The vacancy migration barrier is calculated to be 414 meV, much higher than that of interstitial lithium through the LiZn site, 226 meV, and the interstitial path through the LiLi site calculated to be 358 meV. At room temperature the difference between the high and low barriers corresponds approximately to three orders of magnitude in lithium diffusivity, emphasizing the importance of achieving interstitial rather than vacancy defects for conductivity.

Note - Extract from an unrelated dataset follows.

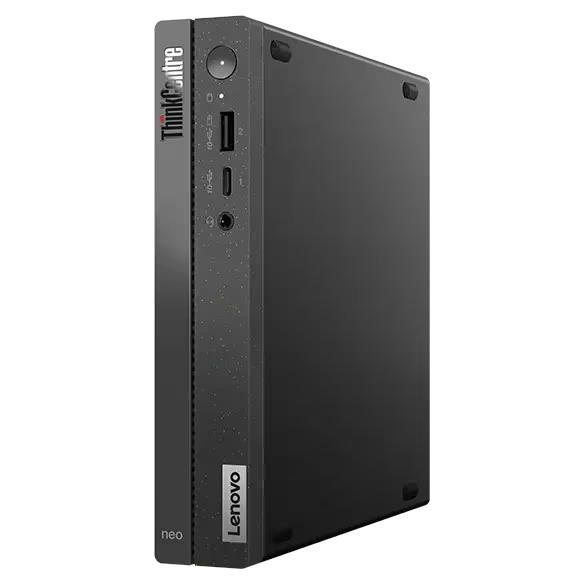 Системный блок Lenovo ThinkCentre Neo Tiny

The vacancy migration barrier (414 meV) is, however, still much lower than the activation energy calculated from AIMD in stoichiometric LiZnPS4 (1070 meV). This is to be expected as there are no extrinsic defects at the stoichiometric composition and their formation energy will contribute significantly to the measured activation energy. The large increase in the AIMD calculated conductivity with increasing lithium concentration (Table 1) is due to a combination of (1) the introduction of extrinsic defects, (2) the lower energy barrier of the cooperative Li migration, and (3) an increase in the number of LiZn sites, allowing percolation by this lower energy mechanism. It is clear that LZPS can achieve a very high conductivity if high enough off-stoichiometry can be achieved. In the next section we use ab initio phase diagram methods to investigate the solubility limits in LZPS.

1.3 Defect solubility

1.3.1 Cluster expansion. Because of the high conductivity of the interstitial defect in Li1+2xZn1−xPS4, it is particularly important to understand its solubility limit. We calculate the finite-temperature pseudo-binary phase diagram between the I[4 with combining macron] LiZnPS4 and the Pmn21 phase of γ-Li3PS4,22 the ground state structure at the Li3PS4 composition, to determine the accessible compositional range of this solid solution. Two high temperature polymorphs of Li3PS4, β and α, are also observed in this system,22 but the DFT enthalpy and phonon free energies predict a transition from the γ to β-phase above 850 K, and so inclusion of these polymorphs would have a minimal effect on the calculated defect solubility of Li1+2xZn1−xPS4 over the considered temperature range of 0 to 1000 K. We confirm that the pseudo-binary equilibrium is the relevant decomposition along this tieline (i.e. that no other phases, or lower energy equilibrium of other phases, exists in the quaternary phase diagram between these end members) by calculating the energies of all known compounds in the Li–Zn–P–S chemical space and those generated by applying a data-mined ionic substitution algorithm23 to known crystal structures in other chemical systems using a probability threshold of 10−4. From these energies, we construct the ground state (0 K) phase diagram (Fig. S3, ESI) using the convex hull implementation of the pymatgen software package.16 This methodology finds all compositions that cannot lower their energy by decomposing into any combination of other phases. From these calculations, we find that the end members, LiZnPS4 and γ-Li3PS4, are indeed stable, and that compositions between these phases decompose to a mixture of these end members at 0 K.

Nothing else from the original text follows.